Action item >> Begin with the line holding "Solitaire Dangle Earrings", then print every line after it through the end of the data, exactly and with nothing added.
::: Information given :::
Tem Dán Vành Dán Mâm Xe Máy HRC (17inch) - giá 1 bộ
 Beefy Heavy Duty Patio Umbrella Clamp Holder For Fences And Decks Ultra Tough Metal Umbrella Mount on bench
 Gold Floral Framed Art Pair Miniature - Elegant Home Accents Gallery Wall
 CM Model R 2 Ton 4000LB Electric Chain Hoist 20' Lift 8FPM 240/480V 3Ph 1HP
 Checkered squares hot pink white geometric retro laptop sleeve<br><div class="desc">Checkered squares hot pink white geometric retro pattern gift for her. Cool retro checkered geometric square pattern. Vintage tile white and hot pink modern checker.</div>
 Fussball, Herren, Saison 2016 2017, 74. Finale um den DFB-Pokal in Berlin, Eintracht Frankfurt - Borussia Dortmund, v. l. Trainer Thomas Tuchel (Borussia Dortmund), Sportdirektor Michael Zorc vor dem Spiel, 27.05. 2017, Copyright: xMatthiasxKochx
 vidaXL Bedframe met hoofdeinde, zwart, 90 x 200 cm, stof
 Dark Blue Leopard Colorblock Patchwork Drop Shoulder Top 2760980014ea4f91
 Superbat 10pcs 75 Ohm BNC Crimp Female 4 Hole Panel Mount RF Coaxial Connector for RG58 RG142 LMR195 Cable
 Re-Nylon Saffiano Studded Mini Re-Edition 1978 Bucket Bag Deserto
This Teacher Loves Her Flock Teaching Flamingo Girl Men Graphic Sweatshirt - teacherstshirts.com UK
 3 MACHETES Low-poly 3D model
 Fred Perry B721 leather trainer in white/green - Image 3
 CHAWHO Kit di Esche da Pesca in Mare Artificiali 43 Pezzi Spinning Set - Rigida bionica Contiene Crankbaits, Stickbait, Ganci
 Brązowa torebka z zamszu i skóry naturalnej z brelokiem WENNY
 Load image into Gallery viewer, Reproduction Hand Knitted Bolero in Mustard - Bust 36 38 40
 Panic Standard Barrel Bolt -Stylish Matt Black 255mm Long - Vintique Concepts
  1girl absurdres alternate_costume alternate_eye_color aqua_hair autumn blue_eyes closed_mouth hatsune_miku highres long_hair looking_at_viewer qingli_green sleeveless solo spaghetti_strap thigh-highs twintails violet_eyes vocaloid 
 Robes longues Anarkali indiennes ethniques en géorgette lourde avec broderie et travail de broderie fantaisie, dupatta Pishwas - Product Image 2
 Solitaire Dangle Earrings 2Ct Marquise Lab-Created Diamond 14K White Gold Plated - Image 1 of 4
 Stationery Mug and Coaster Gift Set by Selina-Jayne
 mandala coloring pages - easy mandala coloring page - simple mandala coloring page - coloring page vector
:::
Your response >>
 Solitaire Dangle Earrings 2Ct Marquise Lab-Created Diamond 14K White Gold Plated - Image 1 of 4
 Stationery Mug and Coaster Gift Set by Selina-Jayne
 mandala coloring pages - easy mandala coloring page - simple mandala coloring page - coloring page vector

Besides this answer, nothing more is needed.